Una crianza colectiva
¿Qué mujeres están en mejores condiciones de decidir no tener hijos? ¿Hasta qué punto es posible imaginar una crianza colectiva de un hijo que tiene una madre y un padre biológicos?
Para que los parentescos no biológicos tengan el mismo reconocimiento ante la ley que cualquier lazo de sangre, es imprescindible una revolución en el armado del Estado y de la vida social. Tener menos hijos pero aumentar la cantidad de parientes supone incrementar los vínculos, las formas de componer las familias, pero no las personas. Aquí habría que preguntarse qué consecuencias y qué tipo de mundo será aquel que tenga más ancianos que niños.

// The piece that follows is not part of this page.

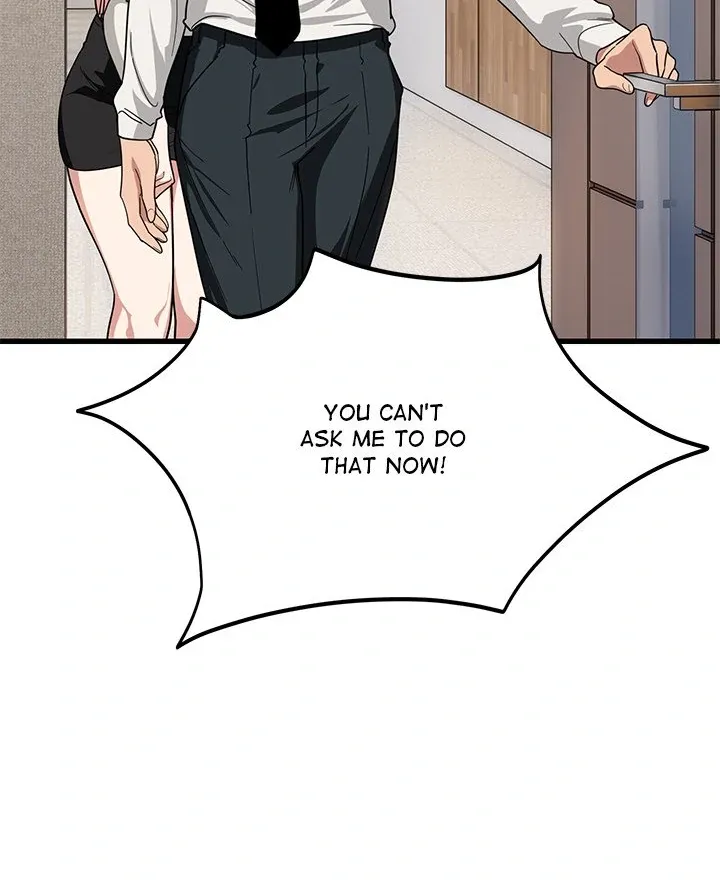 Read I Became A Doge?! chapter 13 image 80 on Lezhin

Si bien es verdad que la crianza y las tareas de cuidado necesitan de muchas personas de distintos géneros para ser realizadas, guiar la decisión de tener hijos y los modos de conformar una familia es una estrategia que puede llevar a una intromisión total del Estado en aquellos espacios donde muchas personas han logrado conquistar una autonomía.
No siempre esta manera de pensar implica una mayor democracia colectiva, como tampoco la familia es en todos los casos una zona de opresión. Puede ser el único lugar de amparo, el único espacio donde las personas se sienten elegidas y amadas.
Adele Clarke. Foto: gentileza.Se trata de medidas que se presentan como escenarios de mayor libertad e igualdad en su afán de socializar los vínculos, pero que pueden traer un mayor nivel de control.
Imaginar una subjetividad nueva, un mundo donde, como dice Kim TallBear, “el amor y las relaciones no se consideren objetos escasos que hay que defender”, habla de un ejercicio intelectual que es interesante abordar y discutir, pero que toma como referencias otras épocas, experiencias más arcaicas que van a adquirir necesariamente un sentido diferente en las sociedades actuales.
Generar parentesco, no población. Debates feministas sobre natalismo, VV.AA. (Rara Avis).